L’appello all’unificazione di Cgil, Cisl e Uil lanciato da Maurizio Landini da piazza Maggiore a Bologna il 1° maggio aveva un significato implicito molto chiaro: il neo-segretario generale della Cgil intendeva comunicare a tutti il proprio intendimento di voltar pagina rispetto a una stagione recente nella quale egli stesso, in veste di segretario generale della Fiom, aveva provato a dar vita a un movimento politico nell’area della sinistra. L’intendimento, cioè, di tornare a essere il Maurizio Landini contrattualista, sindacalista puro.

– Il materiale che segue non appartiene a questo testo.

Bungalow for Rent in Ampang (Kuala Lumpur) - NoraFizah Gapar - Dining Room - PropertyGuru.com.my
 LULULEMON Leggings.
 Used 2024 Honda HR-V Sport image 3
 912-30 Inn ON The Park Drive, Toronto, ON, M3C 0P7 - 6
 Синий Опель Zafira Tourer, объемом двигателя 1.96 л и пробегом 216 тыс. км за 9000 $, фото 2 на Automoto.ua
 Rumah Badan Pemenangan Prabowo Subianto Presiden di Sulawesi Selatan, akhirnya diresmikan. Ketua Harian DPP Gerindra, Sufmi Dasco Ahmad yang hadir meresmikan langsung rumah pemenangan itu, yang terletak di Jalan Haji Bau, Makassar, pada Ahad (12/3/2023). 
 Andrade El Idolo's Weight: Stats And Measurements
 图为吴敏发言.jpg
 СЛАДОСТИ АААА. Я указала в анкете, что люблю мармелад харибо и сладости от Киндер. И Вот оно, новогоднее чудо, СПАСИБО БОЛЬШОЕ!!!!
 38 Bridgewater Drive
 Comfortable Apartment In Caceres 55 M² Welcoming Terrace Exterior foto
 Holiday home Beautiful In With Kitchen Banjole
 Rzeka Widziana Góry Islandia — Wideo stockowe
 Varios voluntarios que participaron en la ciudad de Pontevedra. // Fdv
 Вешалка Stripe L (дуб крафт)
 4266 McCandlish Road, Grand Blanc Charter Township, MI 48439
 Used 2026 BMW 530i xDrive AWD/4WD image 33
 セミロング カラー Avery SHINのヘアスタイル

E un Maurizio Landini meno arcigno verso Cisl e Uil di quanto egli stesso si fosse mostrato negli anni passati in veste di segretario generale della Fiom. Se questo ora è chiaro – e va salutato come un fatto sicuramente positivo per il sistema italiano delle relazioni industriali – molto meno chiaro è quanto l’appello all’unificazione possa davvero aprire una fase di transizione dalla mera unità d’azione all’unità organica, almeno fra le tre confederazioni sindacali maggiori.
Che cosa suscita la sua perplessità?
Su la Repubblica dello stesso 1° maggio Landini, in un’intervista, osservava che nel secolo passato la divisione tra i sindacati era un riflesso di contrapposizioni politiche oggi del tutto superate; ed è vero. Ma è ancora ben percepibile la distanza tra le concezioni del rapporto tra lavoro e impresa – quindi del ruolo del sindacato – che ancora oggi ispirano rispettivamente la Cgil e la Cisl.
Questo, certo, è un problema. Colpisce, poi, anche una contraddizione che investe proprio la Cgil: una indagine Ipsos ha dimostrato che alle europee quasi il 20% degli iscritti ha votato Lega, con un gradimento per Salvini che sfiora il 44%; e anche se il Pd resta il primo partito tra i tesserati della confederazione di Corso d’Italia, aumentano i simpatizzanti e gli elettori dei Cinque Stelle. Come si spiegano queste cifre, e quale successo può avere, con queste premesse, un’iniziativa di sciopero generale?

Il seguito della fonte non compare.